En estas mismas líneas generales, el protagonismo de Elon Musk ahora se evidencia defectuoso. Yo por la paternidad física siento una reverencia casi papal pero ni siquiera la prole numerosa de Musk es argumento para defender su chifladura. Una camada que lleva el nombre, por cierto, de varios tornillos del Ikea. Suponemos que aquellos que le faltan a Elon. El magnate estadounidense ha sido elevado a la categoría de gurú, que eso va a ser durante la legislatura, y no parece el nombramiento más sensato del presidente.
No me sorprende, pese a todo, la excentricidad de este señor, que pretende acabar sus días en Marte —cerca me parece—. Lo más escandaloso es el acomodo conservador, reaccionario o soberanista, llámelo como quiera, a las idas y venidas de Musk. Los mismos que llevan años denunciando las garras del multimillonario George Soros ahora ven manitas de cordero en Musk. Podemos engañarnos y pensar que son radicalmente distintos pero lo cierto es que apenas les separan unos dígitos en el banco.
Es más: peor me parece Musk. El fuego enemigo se ve desde bien lejos pero las fauces de la retaguardia siempre aparecen sibilinamente. Que Soros quiera aleccionar a nuestros niños regando con su dinero a mujeres con pene y señoros con vagina debe alertarnos, pero no más que la actitud majadera de Musk, que pretende ponerles en la cabeza un implante artificial. Alguien que, de nuevo, llama a sus hijos Techno Mechanicus, Exa Dark Sideræl, o X AE A-XII, merece toda nuestra alerta. Prefiero que el dinero del mal vaya a lobbies progres —nosotros tenemos bibliotecas— a que termine en microchips injertados.
No entiendo por todo eso la celebración de Musk. ¿De verdad puede ser nuestro aliado este señor? Cuántos conservadores de barrio fruncen el ceño con BlackRock —hacen bien— pero al tiempo aplauden los cohetes de Musk. Cuántos tuiteros catalanes proclaman desde Twitter su personalísima soberanía mientras ceden sus datos a una empresa estadounidense que ignora dónde está ¿España? ¿Acaso no forma parte de los BRICS? Cuántos silbidos a Botín y cuánto clap clap clap al chiflado de Musk. ¿No veis que son lo mismo?
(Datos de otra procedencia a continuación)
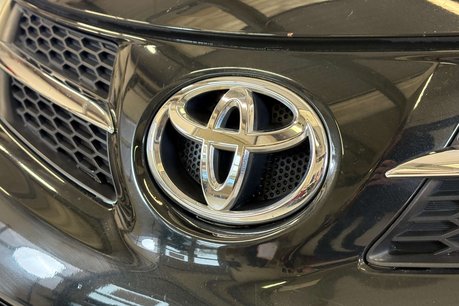 Toyota Rav4 2.2 D-4D Invincible SUV 5dr Diesel Manual 4WD Euro 5 (150 ps) 19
No debemos confundir esperanza con ceguera. Creer que lo mejor vendrá —me sumo a esta convicción— no significa que debamos dejar la prudencia de lado. Sin cardo ni decumanus perdemos la distancia política necesaria. Mi amigo Cezo ha tuiteado con precisión: «Igual que para morder el cuello de cualquier hijo de puta que nos gobierna es conveniente conceder la gracia de los primeros 100 días de gobierno, es prudente hacer lo mismo antes de lamer los zapatos al que nos cae simpático». Pues eso.
Que Elon parezca de los nuestros no me deja tranquilo. En cien días veremos cómo evoluciona su majadería galáctica. El problema de los millonarios es que todo lo creen posible no por la fuerza de Dios sino por el poder de su cartera. Pienso ahora en Churchill, cuyo busto ha vuelto al despacho oval. Al término de su mandato, la Reina le ofreció toda clase de riquezas, hasta el ducado de Randolph —según el Primer Ministro confesó a su colaborador Colville. Él todo lo rechazó. «La riqueza es otra cosa, majestad». Eso todavía lo tiene que entender Musk.